As palavras, escritas por Liu Zongyuan, ainda hoje, inspiram e animam protestos de estudantes na China e em todo o Oriente!
Mas, também um outro dissidente chinês, dos tempos antigos, merece ser lembrado por sua sabedoria. Chamava-se Qu Yuan. Era oficial da corte de um reino às margens do Rio Amarelo, no séc. III a.C. Suas advertências foram ignoradas pelos políticos do reino em decadência. Qu Yuan é considerado o primeiro poeta chinês. Com suas poesias iniciaram-se os primeiros festivais com os dragões chineses. Mas sob a pressão de seus inimigos, suicidou-se. Desde então reconheceu-se a importância da literatura para imortalizar os escritores e suas ideias.
O primeiro historiador chinês, Sima Qian, em vez do suicídio ou pena de morte, frente à repressão e condenação de seus relatos, preferiu aceitar a condenação humilhante da castração. Ele mesmo justificou sua escolha em seus escritos: “O ser humano apenas morre uma vez. Talvez alguém me considere fraco e covarde, e considere vergonhoso eu ter preferido prolongar minha vida. Eu sei perfeitamente a diferença entre o que se deve aceitar e o que se deve rejeitar. Eu recusei morrer, porque estava convencido de que ainda tinha em meu coração coisas que não conseguira expressar suficientemente, e eu sentia vergonha em pensar que, depois de minha morte, meus escritos não seriam conhecidos pela posteridade. Há numerosos homens da antiguidade, ricos e nobres, cujos nomes desapareceram. Somente os sábios e os que buscam a verdade, os homens realmente extraordinários, continuam sendo lembrados... estes relatam fatos do passado, deixando registrados, por escrito, os seus pensamentos para proveito das gerações futuras.”

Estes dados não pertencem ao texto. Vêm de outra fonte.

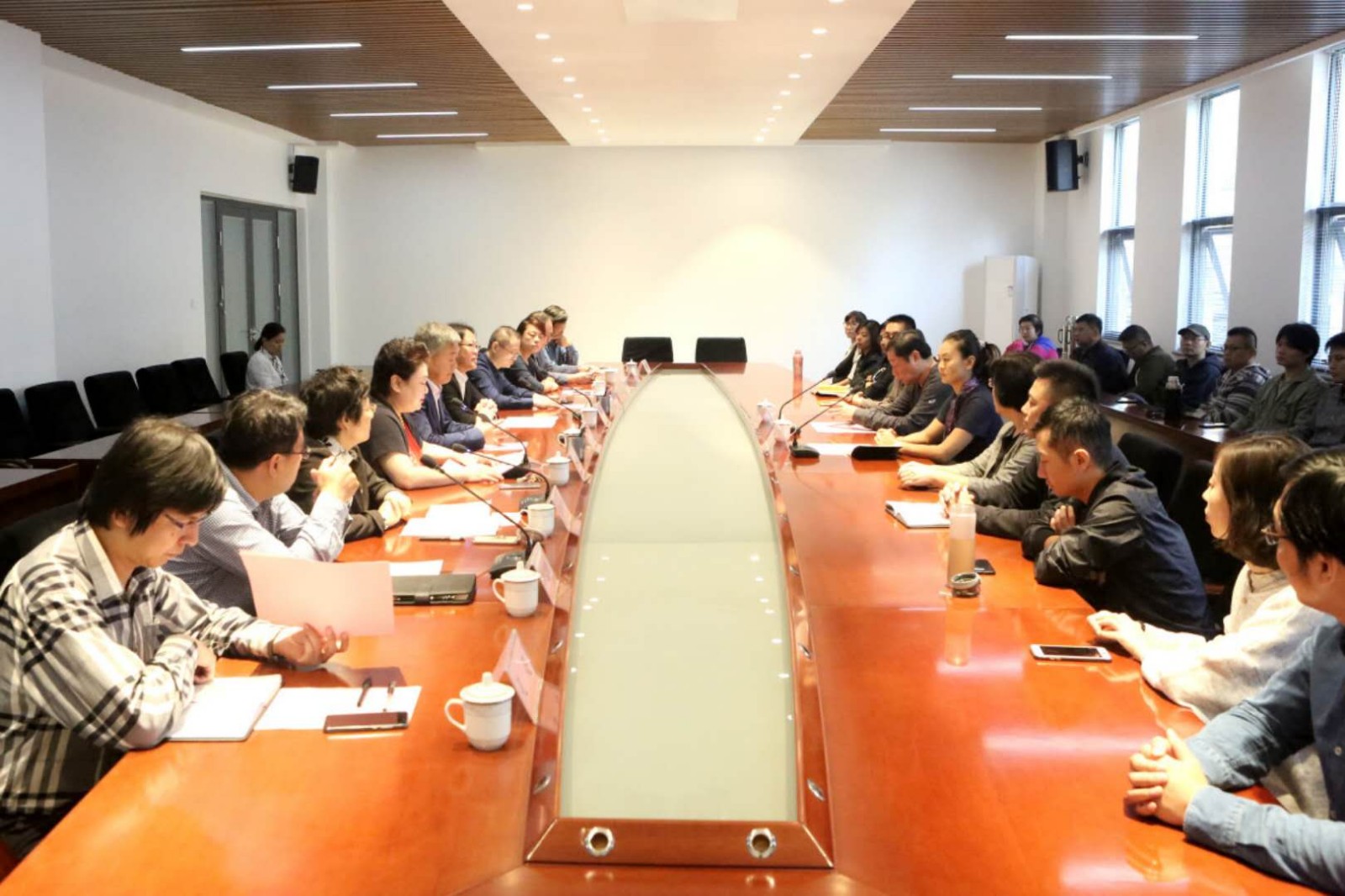 集团与山艺联合办学新进展：电影学院新聘院长书记到岗上任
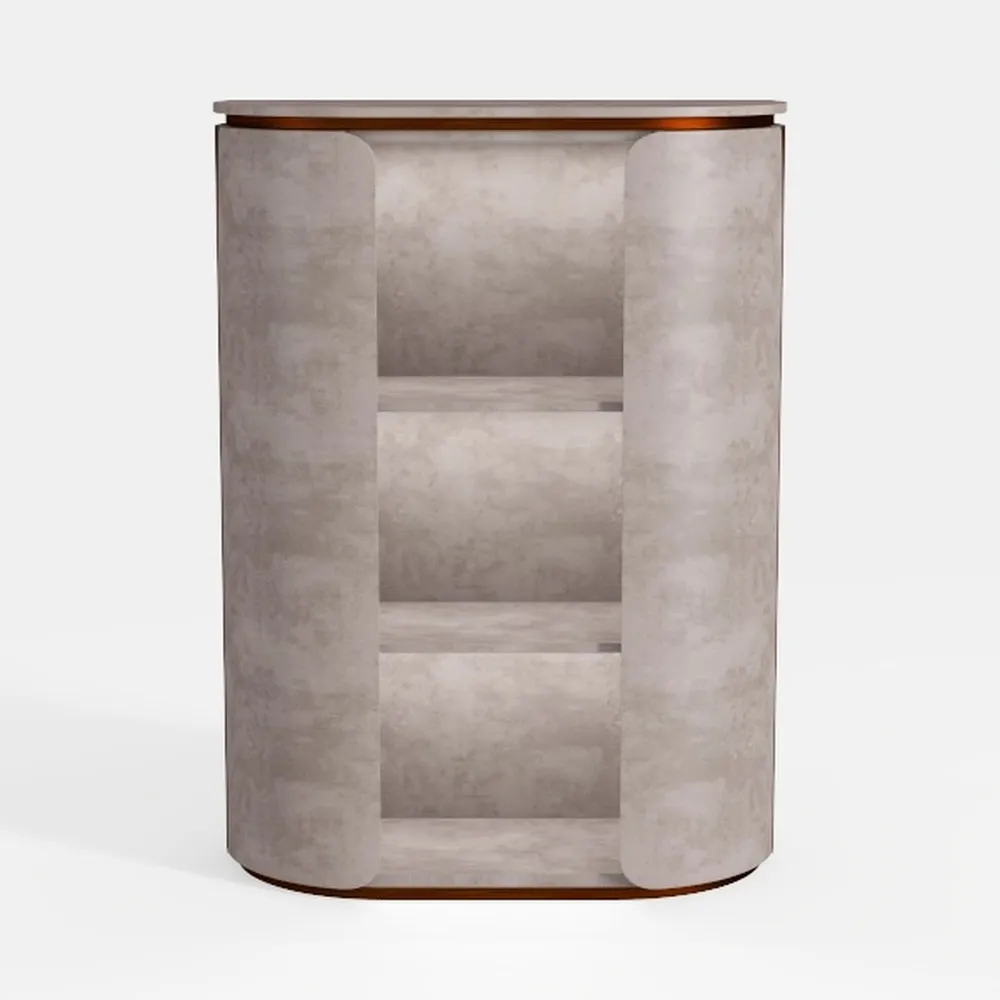 LITTLE TREE 3-Drawer End Table Set of 2, No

Mas, nem mesmo na China, a sabedoria de seus mestres sempre foi respeitada através dos séculos. Já o primeiro Imperador chinês, aquele dos exércitos de terracota, no período entre a vida do poeta Yuan Cheng e do historiador Sima Qian, ordenou que fossem enterrados vivos numerosos oficiais que seguiam a sabedoria de Confúcio. Além disto, este imperador mandou queimar todos os livros que criticavam a corrupção de seu governo.
Assim não é de estranhar que, em nosso tempo, apesar da sabedoria ensinada há milênios, homens ignorantes, com espírito totalitário, queiram impedir que os escritores registrem os fatos e os pensamentos de nosso tempo. A estes vocacionáveis tiranóides, talvez, o mais útil presente seria oferecer um curso de sabedoria chinesa histórica. A respeito da China somos uns ilustres ignorantes, tanto no que os chineses produziram de sabedoria, como no que realizaram de maldades históricas. Os escritos que deixaram permitem fazer o devido discernimento. Mas, para isto, é preciso conhecer estes escritos e a cultura destes povos.
Inácio Strieder é professor de filosofia - Recife - PE.